GiellaLT provides an infrastructure for rule-based language technology aimed at minority and indigenous languages, and streamlines building anything from keyboards to speech technology.

View GiellaLT on GitHub

Page Content

Hyphenating text in the GiellaLT framework

This procedure is offered as a workaround while waiting for our hyphenators.

At present (2023) the GiellaLT framework cannot offer hyphenation integrated in its proofing tools. What we can offer, however, is a hyphenation component, either based upon the phonological structure of the language or upon both phonological and morphological cues.

In some cases, e.g. when wanting to publish a book, correct hypehenation becomes important. This procedure shows how a book manuscript may be hyphenated also whan the hyphenation tools are not (yet) integrated in the spellcheckers. It is a bit cumbersome, but compared to manual hyphenation you will literally save days of work on book manuscripts.

We assume that the manuscript is available in plain text format, in a file here called manuscript.txt, and that you have downloaded the lang-xxx catalogue from github (xxx being the ISO code for you language), as found here, and explained here.

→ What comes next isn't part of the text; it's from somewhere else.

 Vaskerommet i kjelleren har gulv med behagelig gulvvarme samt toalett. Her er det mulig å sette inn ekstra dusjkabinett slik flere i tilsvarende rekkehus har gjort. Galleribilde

If this is in place, do the following (parts 1-3 you do only once, 4-7 again for each new document):

  1. In the terminal window, go to your language catalogue lang-xxx
  2. Set up the language for hyphenation (you may have other enable-options as well):
    • ./configure --enable-fst-hyphenator
  3. Compile the language hyphenator:
    • make -j
  4. If the manuscript contains the hyphen symbol, and you want to preserve it, change it to some symbol not in the text (say, “‰”). Then run the manuscript through the hyphenator:
    • cat manuscript.txt |tr '\-' '‰' | hfst-lookup -q tools/hyphenators/hyphenator-gt-desc.hfstol | cut -f2 | uniq > hyph-manuscript.txt
  5. Open the file hyph-manuscript.txt in Microsoft Word
  6. In Word, go to the menu Edit > Search > Replace, and replace the symbol “-“ with the soft hyphen symbol (you find it by pressing the symbol in the right corner of the replace textfield). When MS Word is localised, the menus have the following names:
    • Finnish:
      • Edit > Search > Replace = Muokkaa > Etsii > Korvaa
      • Soft hyphen = Tavutusvihje
    • Norwegian:
      • Edit > Search > Replace = Rediger > Søk etter > Erstatt
      • Soft hyphen = Myk bindestrek
  7. If you want to restore your original hyphen marks, replace “‰” with “-“ in the same menu.

That’s it! In 7 simple steps (!), you now have a book manuscript with hyphen boundaries exactly where you want to have them.

The example was done for Microsoft Word. You probably figure out how to repeat it in your favourite editor (if possible). Needless to say, we would have preferred for this to be integrated in your favourite text publisher tool. Have a look now and then for updates ad developments.